Na abertura, nomeando Luís Vaz de Camões, Fernando Pessoa, António Lobo Antunes e José Saramago, o presidente da feira, Raúl Padilla López, resumia essa ligação cultural entre México e Portugal: “Obrigada por escreverem um poema connosco”.
Já nos concorridos encontros com os leitores mexicanos, no pequeno auditório do Pavilhão de Portugal, Gonçalo M. Tavares e Ricardo Araújo Pereira fizeram essa aproximação cultural optando por falar quase sempre em espanhol, num esforço de entendimento com a audiência.
“Porque é que escreve?”, perguntou um leitor a Gonçalo M. Tavares, que tem várias obras editadas no México. “Se não escrevo fico muito irritado, como se estivesse esfomeado. Escrevo para não estar só. Exijo ter quatro horas só para mim para escrever”, respondeu.
Prolífico autor, que terá várias obras a apresentar em Guadalajara, Gonçalo M. Tavares admitiu que sente alguma tranquilidade em relação à escrita, porque tem “muitos, muitos livros” que ainda não editou.
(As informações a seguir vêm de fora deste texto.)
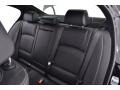 2016 Jet Black BMW 5 Series 535i Sedan  photo #9
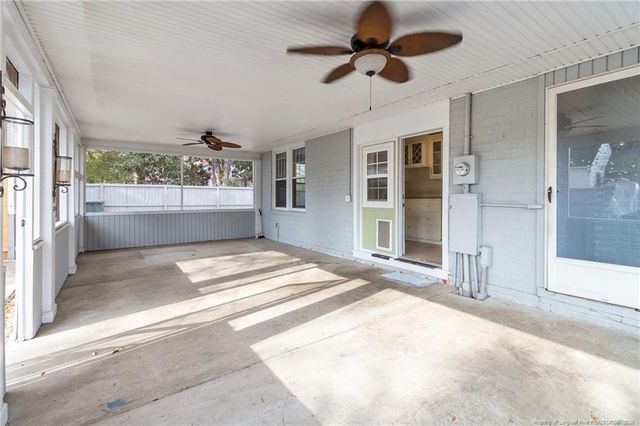 1321 General Lee Avenue, Fayetteville, NC 28305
Numa outra sessão no primeiro dia da feira, e aproveitando-se do título de um romance de Nuno Bragança — “A noite e o riso” — o humorista e autor Ricardo Araújo Pereira quase foi às lágrimas para explicar a matéria pela qual é conhecido.
“O sentido de humor é uma estratégia para lidar com a dureza das coisas. Eu refugio-me cobardemente nesse truque. É para isso que serve o riso, para lidar com as coisas más”, como a morte, disse.
A 32ª. edição da Feira do Livro de Guadalajara, que apresenta um programa com centenas de atividades, contará com mais de 20 mil profissionais ligados ao setor do livro. A cobertura noticiosa é feita por cerca de três mil jornalistas.
Da programação deste primeiro dia sobressaíram ainda a poeta uruguaia Ida Vitale, de 96 anos, distinguida com o prémio máximo da feira e recebida com um entusiasmo efusivo e dois prémios Nobel da Literatura: o turco Orhan Pamuk e, numa evocação, o português José Saramago.
Num encontro com jornalistas, Orhan Pamuk — que está em Guadalajara à boleia do romance “A mulher de cabelo ruivo” — citou Juan Rulfo e Jorge Luis Borges como referências literárias e acrescentou-lhes o apreço pela obra de José Saramago, em particular pela “atmosfera europeia” do romance “O ano da morte de Ricardo Reis”.
Pamuk, que vê o processo de escrita como se fosse um jogo com dez mil níveis para ultrapassar, não se esquivou a falar dos fluxos migratórios na Europa, África e na América Latina, apelando à tolerância e ao respeito pelos migrantes, e da “espécie de democracia” que se vive na Turquia, onde “não há liberdade de expressão e onde só os jornalistas corajosos se atrevem a falar”.
Vinte anos depois de ter recebido o Nobel da Literatura, José Saramago voltou a ser falado na Feira de Guadalajara num debate com Pilar del Río, companheira e tradutora, de Marisol Schulz, diretora da feira e antiga editora de Saramago no México, e pelos escritores Sealtiel Alatriste e Hermann Bellinghausen.
O primeiro dia da feira terminou com um concerto da cantora portuguesa Ana Bacalhau, num ciclo de atuações diárias programadas por Portugal. Nos dias seguintes atuarão, entre outros, Capicua, com Sara Tavares e Eva Rap Diva, os Moonspell, Camané e os Dead Combo.